Thursday, November 13, 2014, 9:20 am, Room 307

The ability to fill a high aspect ratio feature with a thin film material enables the fabrication of many nanoscale devices. Examples include shallow trench isolation or inter-metal dielectric in microelectronics. One approach is to use chemical vapor deposition under conformal coating conditions. However, as film builds up on the sidewalls the width of the feature shrinks and the aspect ratio increases sharply. This often results in incomplete filling, leaving a narrow void or ‘seam’ of low-density material along the central axis. One solution is to taper the feature into a ‘V’ shape, such that uniform deposition causes the apex of the V to move smoothly upwards.

To achieve complete filling, the flux of deposition precursor down the axis of the feature must be sufficient to maintain a uniform growth rate. Precursor transport is typically modeled using the diffusion equation under quasi-static conditions. We show that for high aspect ratio features, the diffusion equation significantly under-estimates the flux of material that is deposited deep in the feature. This occurs because the diffusion formalism assumes a mean transport distance between collisions that is proportional to the feature size. However, in molecular flow some of the transport events occur at glancing angles to the feature sidewall and afford very long flight paths. These events move precursor species to the bottom of the feature, an effect that enhances filling.

We have developed a ballistic transport model based on computing the emission/capture probability between all points on the surface and coding the result as a matrix. Species transport from a starting distribution is found by matrix multiplication to afford the distribution of final positions. We first show how the results of this model compare with the diffusion formalism: the bulk of the transport is similar, but the ballistic model predicts a ‘tail’ of long-range events. We then simulate the filling of V-shaped features as a function of the apex angle and sticking coefficient.

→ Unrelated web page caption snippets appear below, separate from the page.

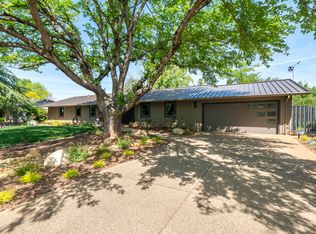 865 Hallmark Dr, Redding, CA 96001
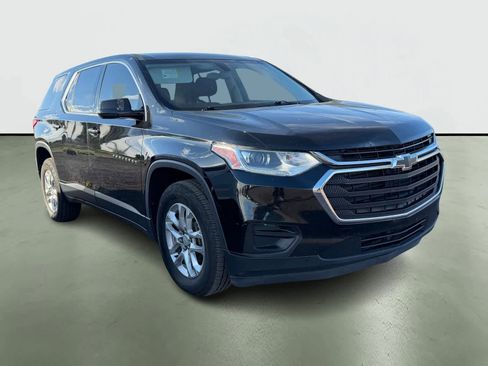 Used 2019 Chevrolet Traverse LS image 5
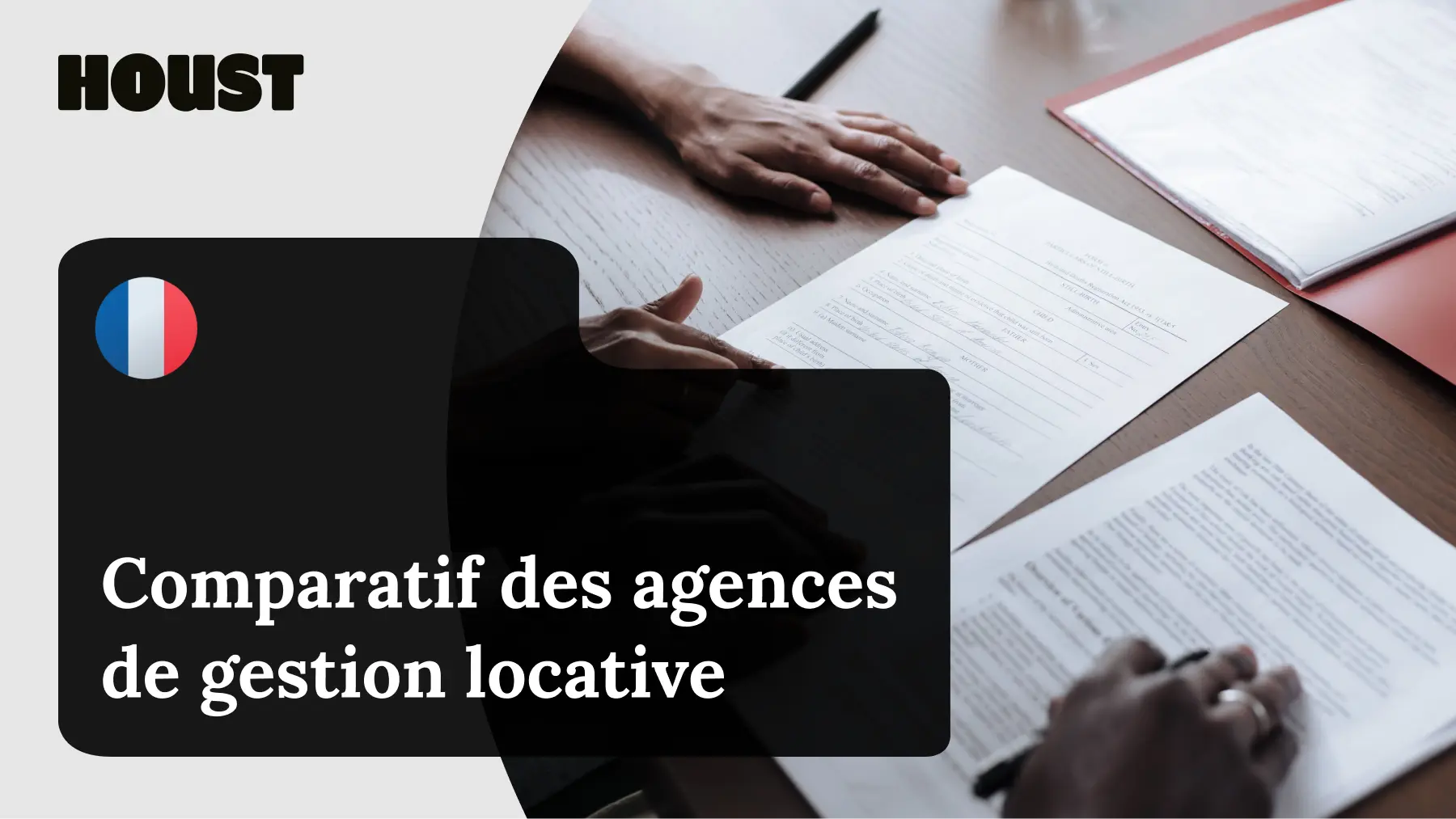 Deux documents poses cote a cote sur un bureau
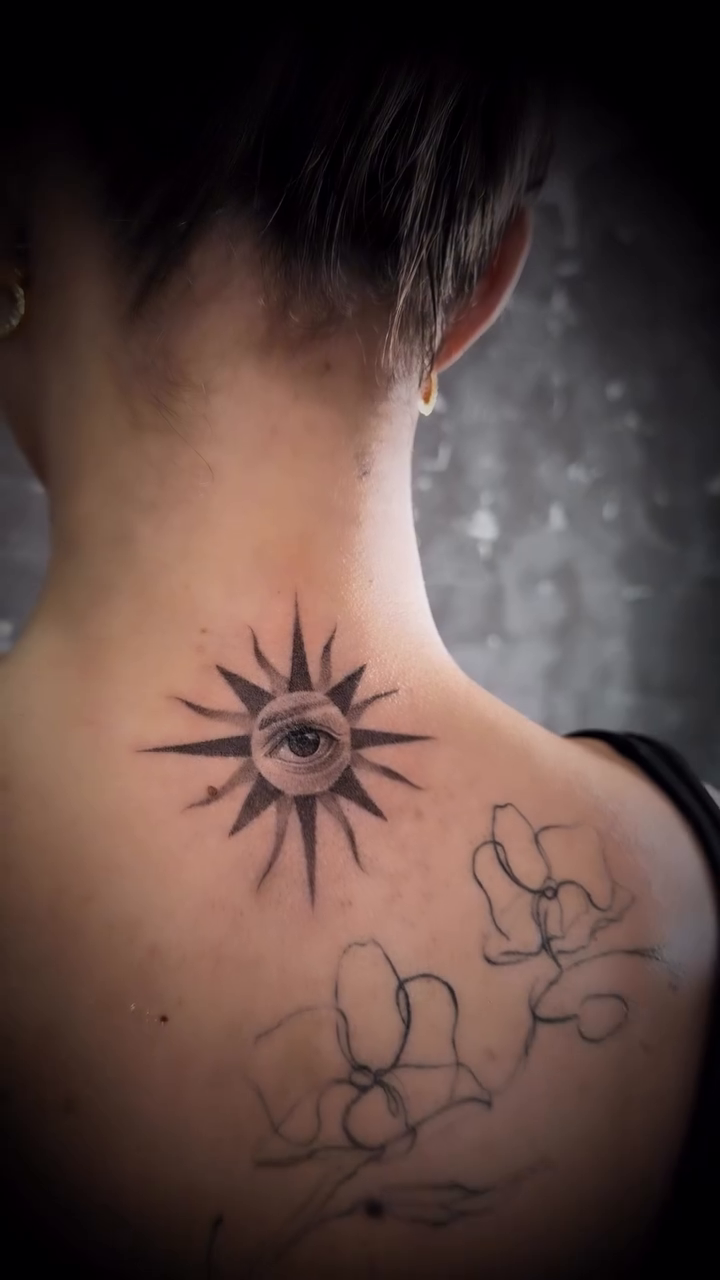 Tattoo by @yuliiitattoo — illustrative, black_and_grey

The result is a prediction of regimes that can afford complete filling.

Finally, we consider the effect of growth rate saturation under high precursor flux, an effect that is physically significant and vastly improves conformal growth. We derive from the ballistic model the total flux arriving at each position, and self-consistently calculate the effective sticking probability. We simulate the coating profiles on rectangular and V-shaped features and determine that rate-saturated growth conditions, in combination with long-range precursor transport, greatly expand the regime that affords complete filling.